Work order:
Without copying any picture, transcribe exactly the lines of the data below from the one containing "Building Photo - 714 Grand View Dr" through the one containing "2023 Tesla Model 3 с пробегом 12 600 км".

Stored data:
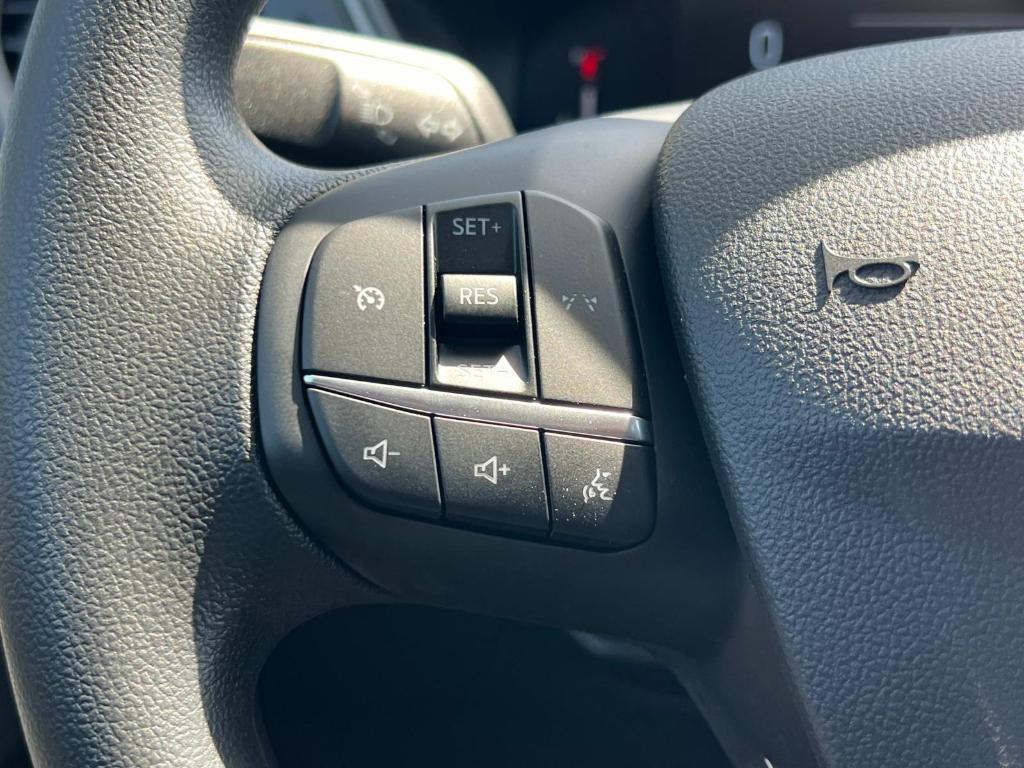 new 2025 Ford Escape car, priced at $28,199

...

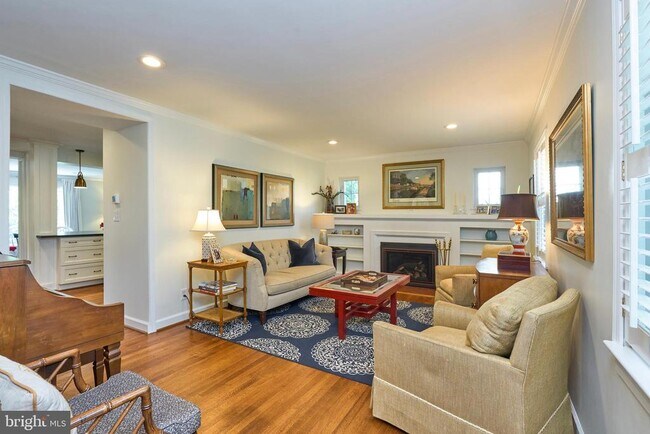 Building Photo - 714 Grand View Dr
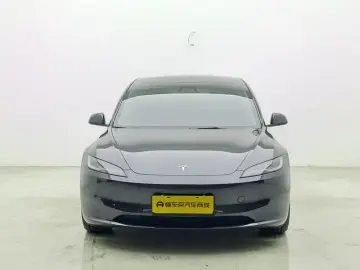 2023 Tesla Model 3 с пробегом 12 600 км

Answer space:
 Building Photo - 714 Grand View Dr
 2023 Tesla Model 3 с пробегом 12 600 км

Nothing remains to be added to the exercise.